You guys are dead on again. There are so many moving parts it would take months to understand it. Unless you had a guide who knew the code in and out.
I'm surprised that nobody has suggested that the algo is so complicated & spread across multiple machines and infrastructures -- that even if it leaked, it would take a team of CIA cryptographers a week to make sense of it.
Rand just leaked the top-secret fact that Matt and I talk in unison all the time.
>>>Rand imagines in his head
Ok, I almost peed. Happy? ;-)
indubitably.
I think you guys at SEOmoz must know quite alot about the Google Algo, you build up links without even trying, I found this website because someone in a forum told me about your pageranking tool and said it was a really good way to measure search engine juice, good tool by the way, get that sandbox checker working as well because I think my site is in it, I want to know for sure though, my site is only 3 months old.
This is why I love this blog. Original content!
Oh, and diet coke here too Rand... and interesting theory on the Florida update.
Looking back at that update, and the timeliness of it (middle of Q4) made no sense for a group as smart as Google.
Here is the funny thing: having the knowledge of how it works doesn't automatically mean victory. I mean, it's common knowledge that Google's algo is largely a link-based algo. Now, assuming that links and domain age are in the top 10 factors, even if you knew the algo and figured out what the other factors are and what the weights are, that woudln't guarantee victory. If you try to rank on a super-competitive term where there are a bunch of 10 year old domains with tons of edu links and other high-quality links, knowing the algo only tells you one thing: that it's going to be extremely difficult to beat them.
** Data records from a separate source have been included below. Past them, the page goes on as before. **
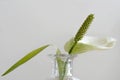 The flower of peace lily, Spathiphyllum cochlearispathum, in a glas vase, close up Royalty Free Stock Photo
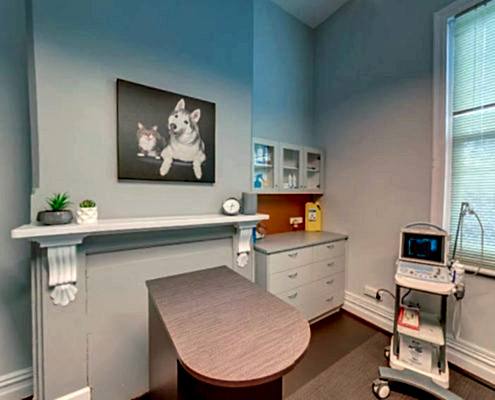 Vet Connection Consult room Interior Design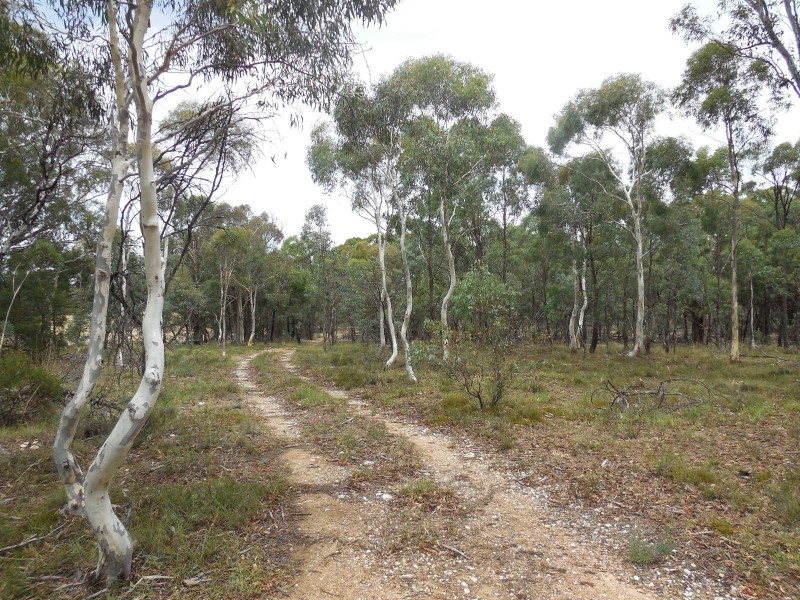 561 Mount Baw Baw Road, Goulburn NSW 2580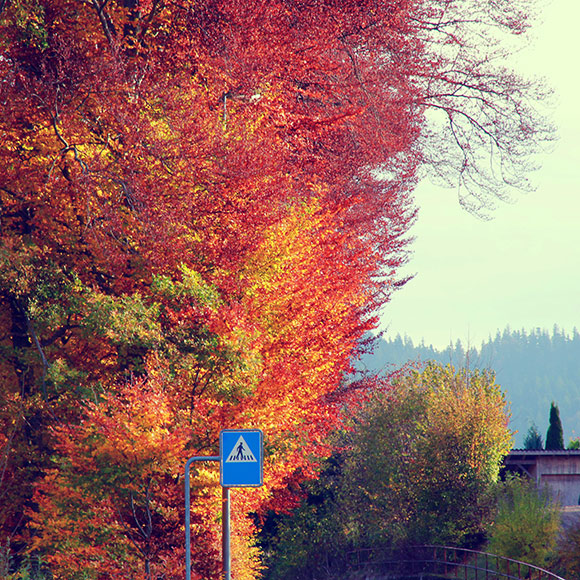 Naturfoto mit roten und goldenen Blättern an Bäumen und Strassenschild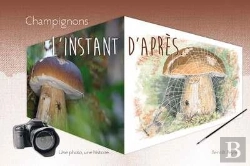 Bertrand.pt - Champignons : L'Instant D'Apres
At the end of the day the algorightm is only how the system works. Being successful in that system still requires real work. I mean, even if you had the recepie for KFC, you'd still have to make it and sell it to be successful and it would take years to be anywhere as successful as KFC is.
I agree with this post 100%. The algo is out... the answer is links, plus the basic knowledge of how to format a page - read any of the Guides to SEO and you will own the algo.
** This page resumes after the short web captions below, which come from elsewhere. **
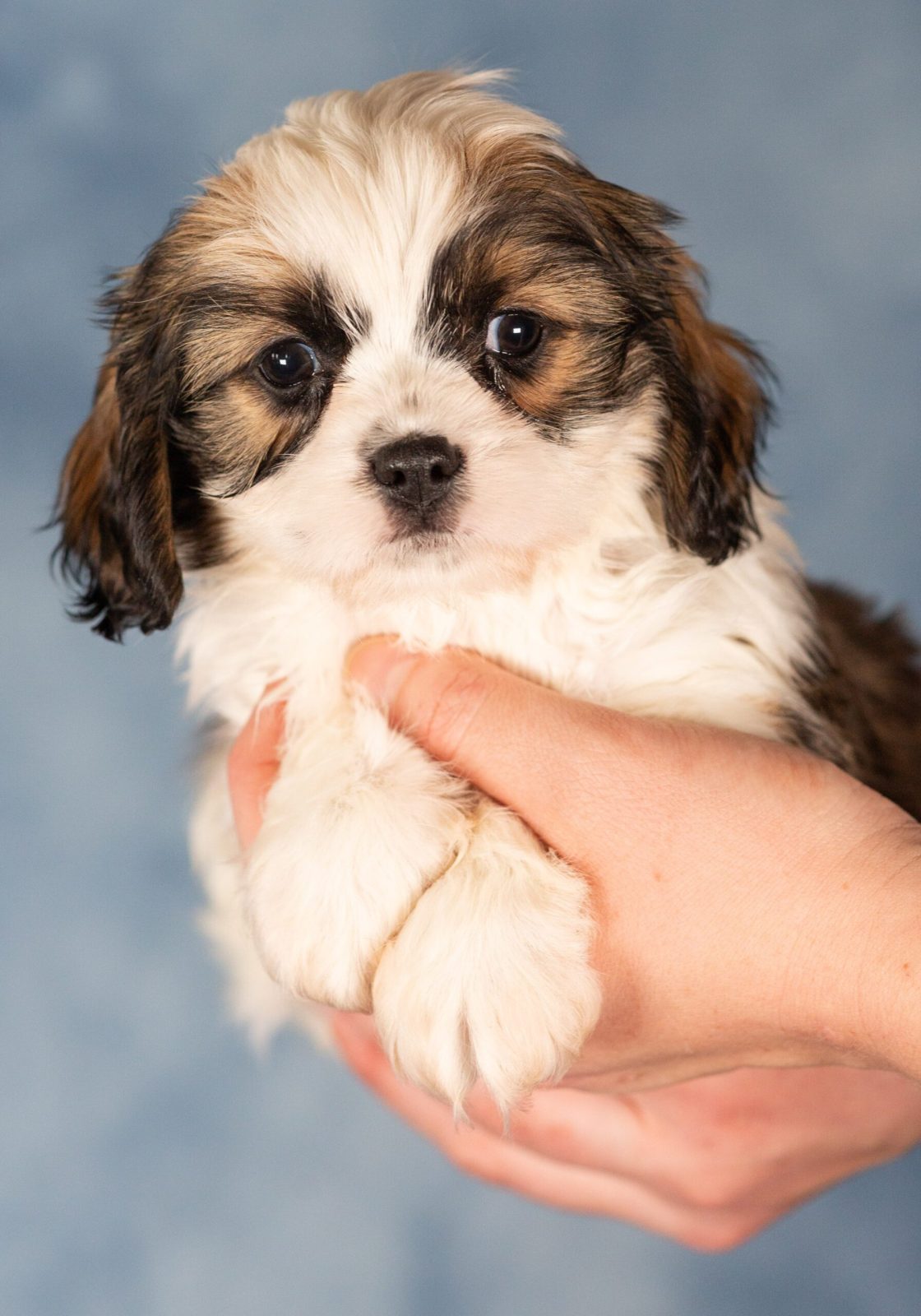 teddy bear dog puppies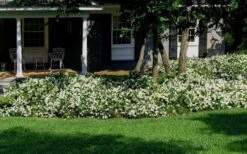 Radicans Creeping Dwarf Gardenia - 1 Gallon Pot 14 Radicans Creeping Dwarf Gardenia - 1 Gallon Pot -Bush Sale Shop Gardenia Creeping 20 1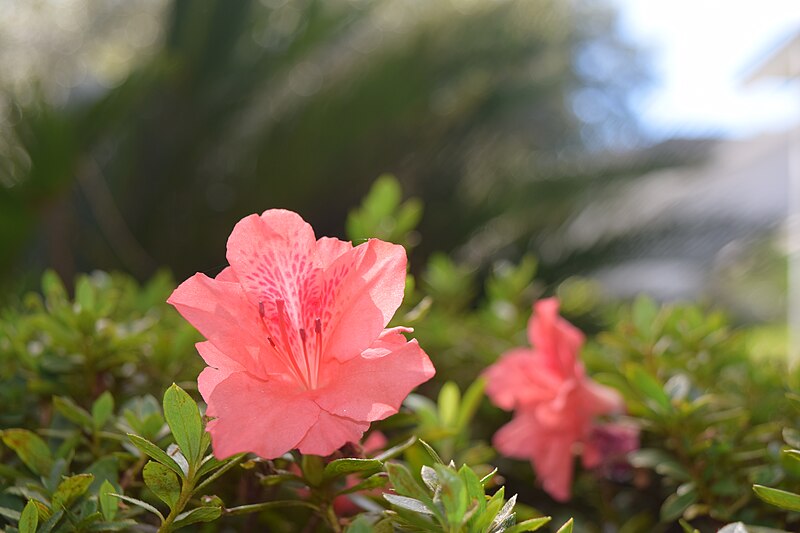File:Florida azalea flowers.jpg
Carrying it out is the difficult part.
This is so true. There are no magic tricks to achieving anything worthwhile, and knowing Google's "secrets" would likely do nothing but confirm what everyone already knows. We know they don't like spam; we know they like quality links. Yahoo et al would have a lot more to gain than SEOs.
I realize this was probable more of a fun posting, but... :)
Let's just look at the ranking algorithm. Someone somewhere mentioned that they use over 200 signals, let's assume that's about right.
The algorithm could - if expressable in a single formula - be a function with those 200 signals, some weighting, perhaps some combined weighting with inverse signals... let's just simplify to an unrealistic: Rank(page.site) = weight1 * signal1 + weight2 * signal2 ... weight200 * signal200
The interesting parts would be the weights -- the main signals which are used are most likely known from publications and tests (right? at least simplified). So you'd be looking for the top weighted factors, things that could be "gamed". Suppose you end up with ... "links" -- what would that mean for your SEO strategy? No big change. Suppose you work on the "long tail of the algorithm", all those smaller factors that could add up: how do you play the system to target signals which are most likely only measureable when you have a body of content like Google has?
Now one thing that would be interesting would be to be able to play with the live algorithm for known sites: Get the 200 signals, their values for a known page/site, their weighting and see the output. Now tweak this setting and that signal - how does the output change? How far will a change in "link-value" take you? Could tweaking the lower 100 signals to the max make a difference in the niche or not? Which signals are inhibiting ranking? Which signals are maxed out? Which negative-signals (aka "penalties") have you collected and why? How could you reduce those signals while at the same time keeping the others up?
The algorithm as an algorithm written on paper is mostly worthless - what would be valuable would be direct access to the live internal structure of the system.
Here's the Algo:
Build an easy-to-use website that provides unique and valuable information.
Shhhhhh, don't tell anyone.
>>>Rand: Links! We need links.
Don't DO that. I almost got soda on my keyboard.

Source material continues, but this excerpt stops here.